Otto Piene'in bir de Işık Odası vardı. Karanlık bir odada çeşitli ışık oyunları. Odaya girer girmez, sanki savaş zamanı karartmanın uygulandığı bir odaya girmiş hissi yaşadım. Duvara yansıyan ışıklarla aydınlanan oda bir hava saldırısının ortasında kalmış gibi. Yanlmamışım. Piene 2. Dünya Savaşı'ndaki karartmalardan etkilenmiş bu odayı hazırlarken. Sanattan anlamıyoruz dediysek o kadar da diil yani, bende de bir ışık var.

Aşağıda Işık Odası'nın da fotoğrafı var ama odanın içindeki hissi algılayabilmeniz için odanın içinde bulunmanız lazım. Mesela karşı duvarda gördüğünüz ışık kümesi aslında odanın tüm duvarlarını dolaşıyor ve sanki duvarlarda bir böcek yürüyor hissiyatı yaratıyor.


Otto Piene'nin başka ilginç bulduğum çalışmaları da hava için sanat konseptli olanlardı. Mesela aşağıdaki şişme gökkuşağını yakından görmeniz gerek, insanın içinde zıp zıp zıplama isteği uyandırıyor. Maalesef 2014 yılında, bir sanat etkinliği için bu çalışmasını tamamlamasından bir gün önce vefat etmiş.
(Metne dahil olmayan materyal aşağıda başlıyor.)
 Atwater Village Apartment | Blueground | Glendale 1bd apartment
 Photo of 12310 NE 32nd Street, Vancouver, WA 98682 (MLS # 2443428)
Bir de girişte yer alan Yves Klein imzalı monokrom'dan bahsetmeden geçemeyeceğim. Sanatçı kullandığı pigmentlerle bulduğu mavi rengin Klein mavisi diye patentini almış.


Pekiiii, farklı zamanlara ait olsalar ve sanatlarını farklı materyallerle icra etmiş olsalar da pigment boyası diyince aklınıza kim geliyor? Valla benim aklıma Anish Kapoor geliyor.

Allahım çok havalıyım. Siz de havalı olmak istiyorsanız bu sergiyi gezin derim. Rehberli turlar saat 11'de, yetişemezseniz sesli rehberle de gezebilirsiniz.